JAKARTA, KOMPAS.com - Kasus dugaan suap yang dilakukan Bupati Bogor Ade Yasin beserta 3 anak buahnya terhadap 4 auditor Badan Pemeriksa Keuangan (BPK) membuka kembali persoalan dalam pemberian opini Wajar Tanpa Pengecualian (WTP) dalam sebuah laporan keuangan.
Opini WTP itu dinilai hanya sekadar pencitraan bagi kepala daerah di hadapan masyarakat.

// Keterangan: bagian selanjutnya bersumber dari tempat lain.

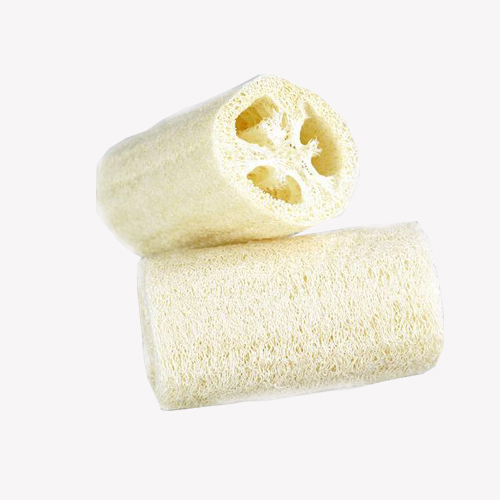 Luffa Sponge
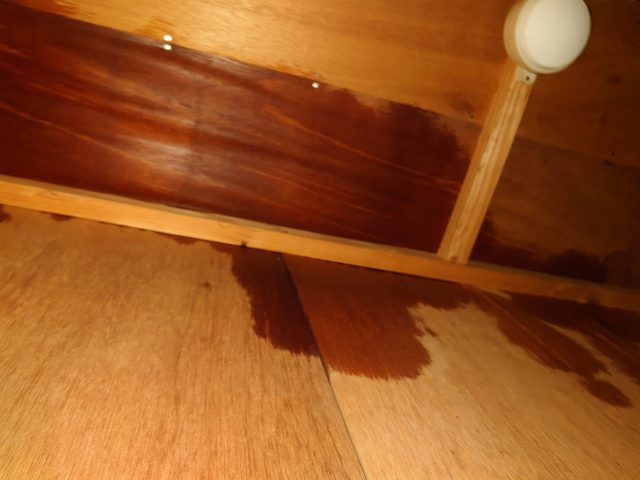 あなたの風邪はどこから？「私はヒザから」雨漏り編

Aksi suap Ade beserta anak buahnya terhadap 4 auditor BPK itu diungkap oleh Komisi Pemberantasan Korupsi (KPK) melalui operasi tangkap tangan (OTT).
Ade diduga menyuap para auditor itu sebesar Rp 1,9 miliar demi mendapatkan predikat opini WTP dalam laporan keuangan Pemerintah Kabupaten Bogor Tahun Anggaran 2021.
Koordinator Divisi Korupsi Politik Indonesia Corruption Watch (ICW) Egi Primayogha menilai kasus jual beli opini WTP dari BPK didorong oleh sejumlah alasan.
"Jual beli predikat karena itu condong dilakukan untuk menjaga gengsi atau membohongi publik, bahwa institusi yang dipimpinnya bersih dari korupsi," kata Egi dalam keterangan pers yang diterima Kompas.com, Kamis (28/4/2022).
"Padahal belum tentu demikian. Jangan sampai publik keliru memahami itu," lanjut Egi.
Egi juga mengkritik BPK yang dinilai gagal dalam menjalankan instrumen pengawasan internal terhadap para auditornya. Bahkan dia menilai BPK yang seharusnya menjadi salah satu lembaga terdepan dalam upaya pemberantasan korupsi tidak serius melakukan pembenahan.
Egi mengatakan, predikat WTP tidak menjamin sebuah pemerintahan atau kementerian hingga lembaga negara bebas dari korupsi. Sebab, penekanan yang diberikan oleh BPK adalah kepatuhan terhadap peraturan perundang-undangan yang berlaku, ataupun laporan keuangan yang sudah sesuai dengan Standar Pelaporan Keuangan Negara.
"Kasus-kasus korupsi bahkan kerap terjadi di daerah yang mendapat predikat WTP," ucap Egi.
Kasus suap terhadap auditor BPK supaya mengutak-atik laporan keuangan demi opini WTP sudah beberapa kali terjadi dengan modus yang sama.
KPK menetapkan 8 orang tersangka termasuk Ade dalam perkara itu. KPK juga menyita uang dalam pecahan rupiah sebesar Rp 1,024 miliar yang diduga untuk menyuap 4 auditor BPK itu.
Ade diduga memerintahkan 3 anak buahnya yakni Sekdis Dinas PUPR Bogor Maulana Adam; Kasubid Kas Daerah BPKAD Bogor Ihsan Ayatullah, dan PPK pada Dinas PUPR Kab. Bogor Rizki Taufik untuk menyuap 4 pegawai BPK supaya mendapatkan predikat audit wajar tanpa pengecualian. Ketiganya turut menjadi tersangka.
Sebanyak 4 pegawai BPK yang menjadi tersangka penerima suap dalam perkara itu adalah Anthon Merdiansyah selaku Pegawai BPK Perwakilan Jawa Barat/Kasub Auditorat Jabar III/Pengendali Teknis, Arko Mulawan selaku pegawai BPK Perwakilan Jawa Barat/Ketua Tim Audit Interim Kab. Bogor, Hendra Nur Rahmatullah Karwita selaku pegawai BPK Perwakilan Jawa Barat/Pemeriksa, Gerri Ginajar Trie Rahmatullah selaku pegawai BPK Perwakilan Jawa Barat/Pemeriksa.
Menurut KPK, laporan keuangan Pemkab Bogor tahun anggaran 2021 buruk dan bisa berdampak terhadap kesimpulan disclaimer. Salah satu penyebabnya adalah auditor BPK menemukan penyimpangan dalam proyek perbaikan jalan Kandang Roda-Pakansari yang masuk dalam program Cibinong City A Beautiful.